Este era anúncio do velho garrafeiro que, também, puxava uma carroça, igual àquelas puxadas por cavalos, só que bem menor. Lotava-a de “cacos” e outros materiais inservíveis das casas, nas ruas por onde passava. Tudo era acertado por quilo e, para tanto, munia-se o velho garrafeiro de uma prática balança vertical que acusava o peso das “quinquilharias”. Somente as garrafas eram cotadas por unidade.
Era comum observar a carroça apinhada de coisas velhas e numa altura que todos duvidavam que o pobre do garrafeiro fosse capaz de conduzir a tal carroça, mas ele conseguia.
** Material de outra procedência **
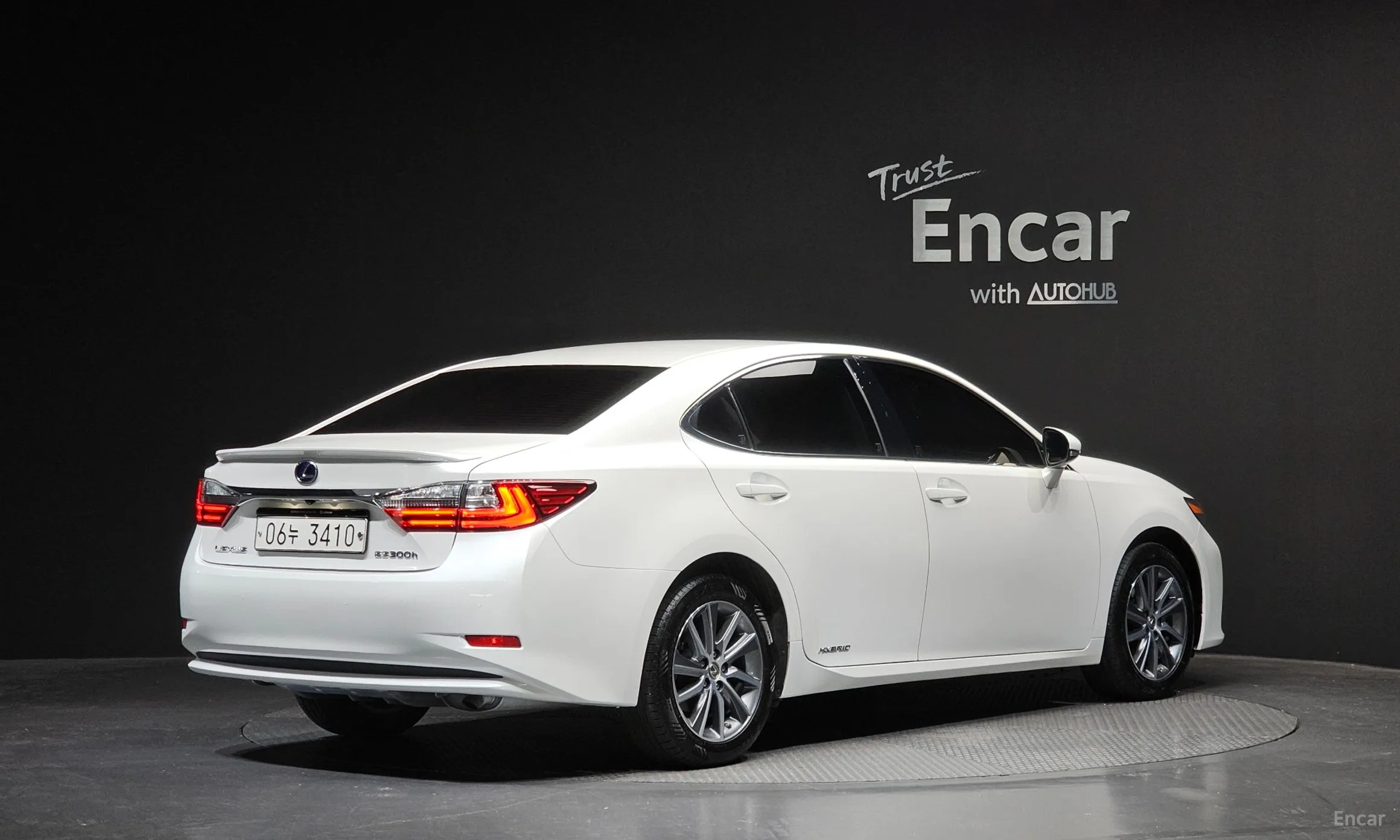 Lexus New ES300h
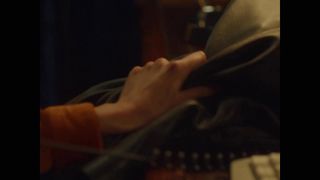 Mar Nantas si fa leccare la fica dopo aver doppiato un film erotico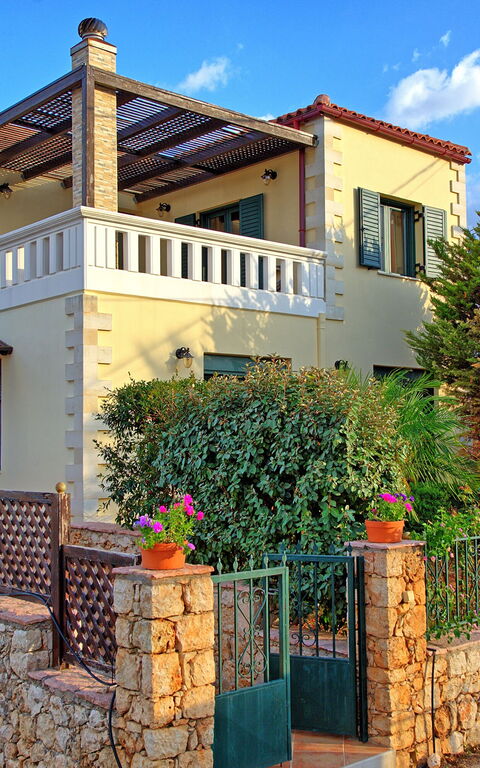 Villa Koules: all'aperto, Esterni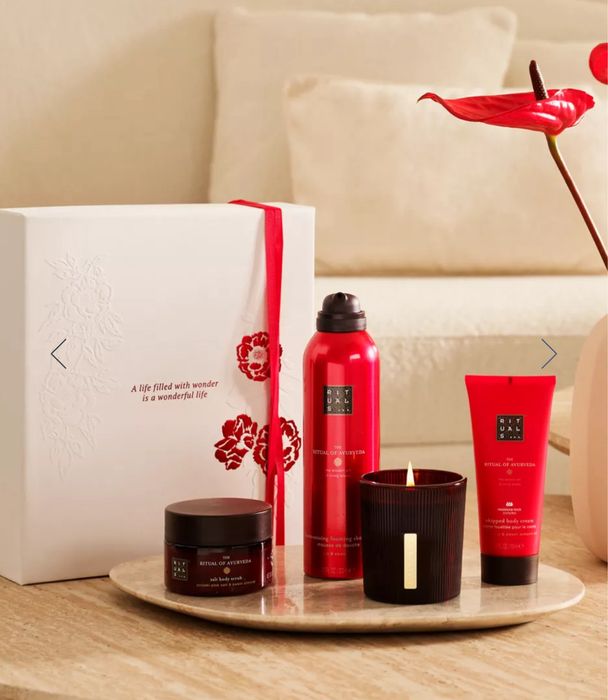 Набори в розмірі М всі в наявності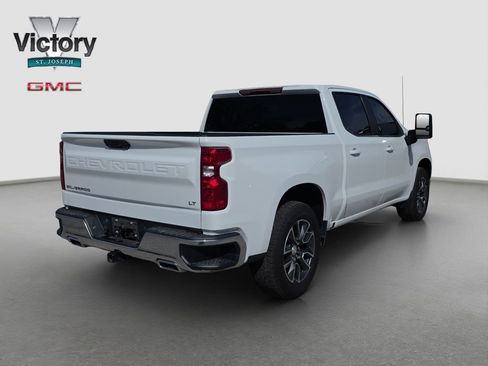 Used 2023 Chevrolet Silverado 1500 LT AWD/4WD image 18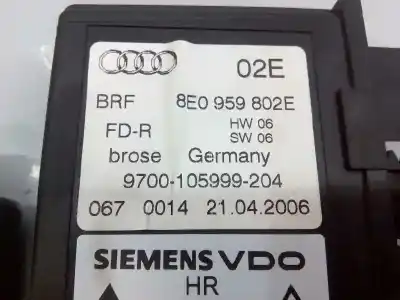 Peça sobressalente para automóvel em segunda mão motor elevador vidro traseiro direito por audi a4 berlina (8e) 1.9 tdi referências oem iam 8e0959802e e1-b6-6-1 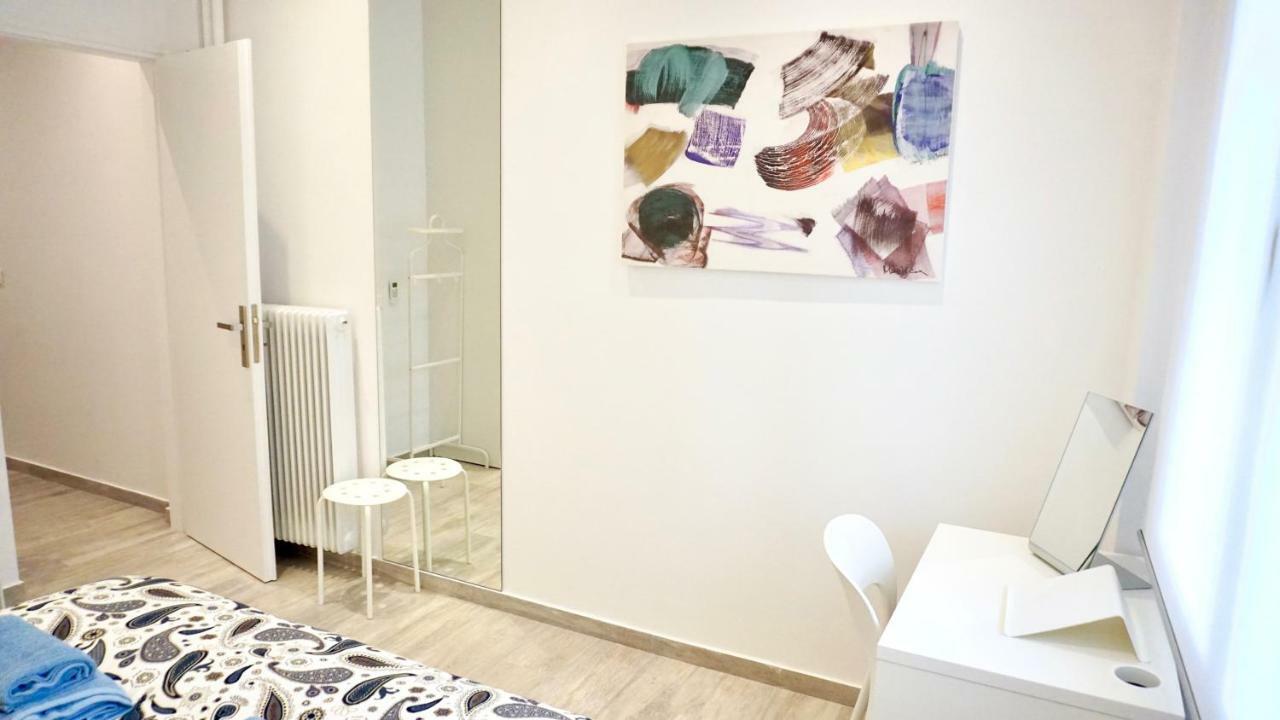 Modern & Central Apt In Афіни Екстер'єр фото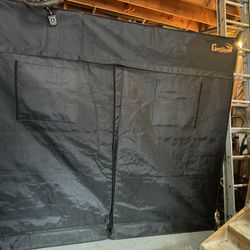Gorilla Grow / Storage Tent 4x8 Ft Pro 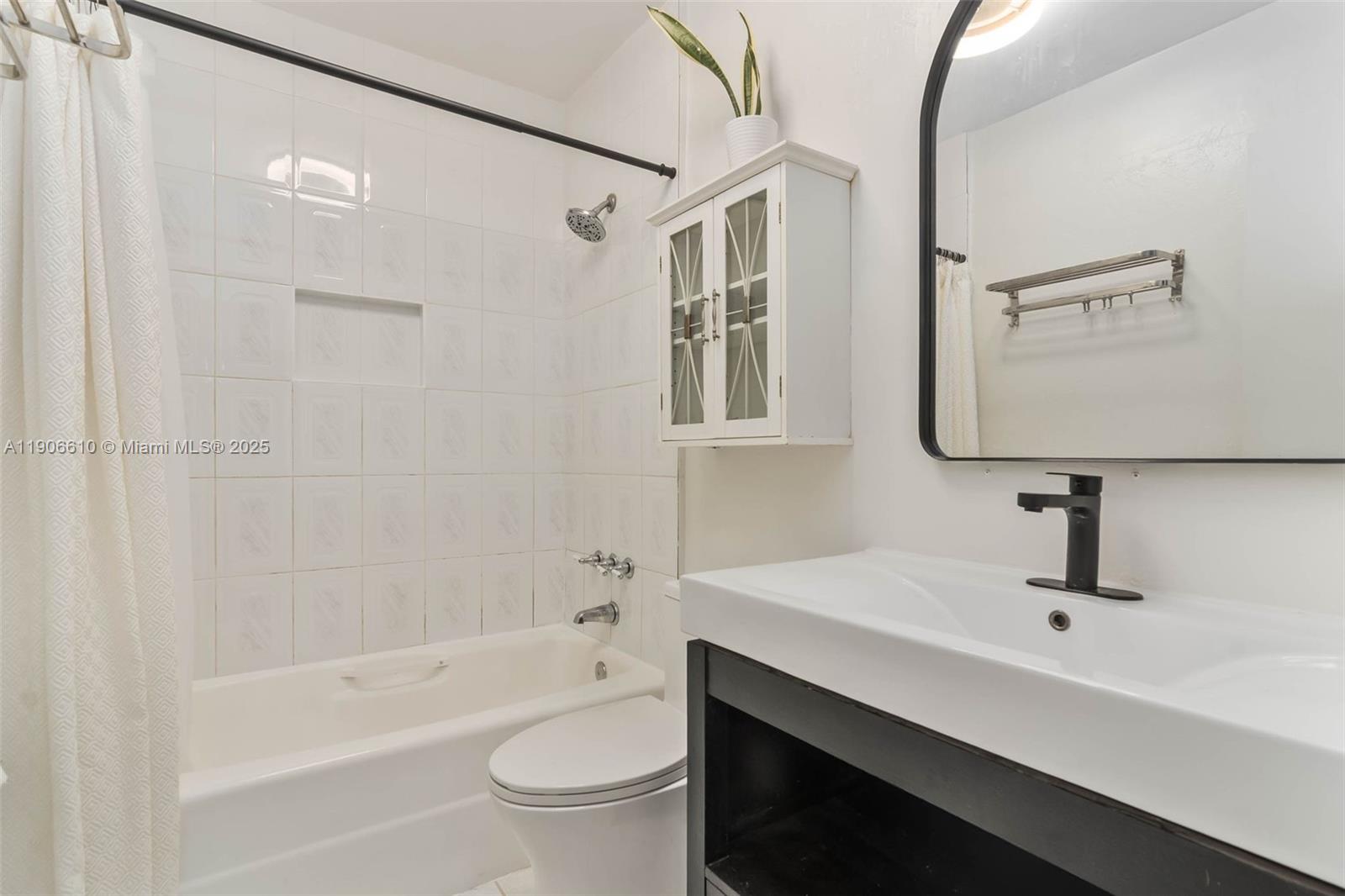 1603 NE 105th St # 9 Unit: 3-9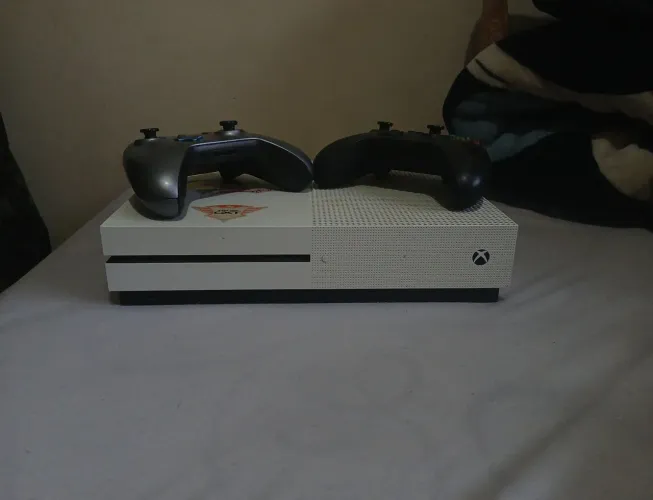 Xbox One S 1tb com dois controles com defeito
Um outro personagem e, desta vez, oriundo do oriente árabe, pois poderia ser turco, sírio, libanês ou mesmo da Arábia, percorria as ruas do Bixiga à cata de roupas e sapatos velhos para serem, se necessário fosse, consertadas e depois, serem vendidas em algum brechó da cidade.
As peças a serem arrematadas eram, via de regra, examinadas até a exaustão, o que sempre gerava uma acirrada discussão com a questão do preço a ser acertado. Contudo, as negociações terminavam com ajustes em que, ambas as partes concretizassem um bom negócio.
Muitas donas de casa tiveram a oportunidade de se livrarem de velhas roupas, garrafas, vidros, ferros e outros similares sem serventia, em troca de alguns bons “tostões” que, com certeza, serviram para reforçar o orçamento doméstico.
Também economizaram comprando verduras e hortaliças, além de frutas, diretamente da granja.
Ainda temos e, em alguns lugares, as figuras destes personagens que, renitentes, mantêm essas tradições e que contam, com certeza, algumas boas dezenas de anos ou, porque não dizer, secular.